2015 was a critical year for sustainable development and for the future of our people and our planet. The adoption of the Sustainable Development Goals (SDGs) by all UN member states in September represents the most powerful and promising opportunity the world has had to shift development patterns towards more equitable and sustainable pathways. With more and more attention being given to the SDGs by citizens and policy makers of Brazil and the Global South, an underlying question has been raised to us at the RIO+ Centre, the UNDP World Centre for Sustainable Development in Rio de Janeiro: What motivates national governments to adopt a global agenda? Addressing this question will also help us better explore the incentives countries need to fully implement a global agenda.
This issue was at the centre of the discussions at the inaugural seminar of the 2016 semester of the University of São Paulo’s Political Science Department. Held on 31 March, the seminar was delivered by the Director of RIO+ Centre, Romulo Paes de Sousa, who explored the opportunities for action that arise from Brazil’s position as a global leader for sustainable development. A global agenda, such as the 2030 Agenda for Sustainable Development, represents a unique opportunity for national governments to demonstrate their capacity to support the well-being of their citizens. But, well beyond this, a global agenda is a unique learning opportunity: countries have more incentives to share information and to understand the policies, programmes and strategies that are leading to positive change in other countries. National governments seek references from others on how to address similar or common challenges – and a global agenda serves as the main platform to share, learn and adapt.
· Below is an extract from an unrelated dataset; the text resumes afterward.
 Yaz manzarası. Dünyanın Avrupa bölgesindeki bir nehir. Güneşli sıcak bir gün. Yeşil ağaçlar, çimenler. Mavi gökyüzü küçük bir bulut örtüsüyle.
The 2030 Agenda, which took effect on 1st January 2016, counts on great political legitimacy, as a universal agenda agreed upon by all 193 member states after an unprecedented global consultation effort. The 17 Sustainable Development Goals (SDGs), the most concrete component of the global agenda, respond to a broad call for action by citizens from all over the globe, demanding a comprehensive agenda that covers all dimensions of human existence.
A major advantage of the 2030 Agenda is its progressive approach to development. National governments in the Global South benefit a lot from having a progressive reference in relation to gender, race and ethnic minority issues as well as to tackling inequality and poverty, especially when trying to overcome stigma, prejudice and well-established vested interests from traditionally powerful economic groups. The process of localizing and adapting a global agenda to national circumstances is an opportunity to overcome consolidated barriers to social inclusion and to transform the development path towards sustainable development.
The Agenda 2030 is uniquely progressive and bold, offering to countries in the Global South a powerful reference to motivate local action, encouraging citizens to support and embark on actions that lead more social inclusion, more environmental sustainability and more economic autonomy to citizens and communities alike. National governments in the Global South have now in their hands a unique opportunity to make sustainable development a reality for all, but a determinant success factor will be their ability and commitment to involve their citizens as key players, advocates and supporters of a progressive agenda for the future of humanity and Planet Earth.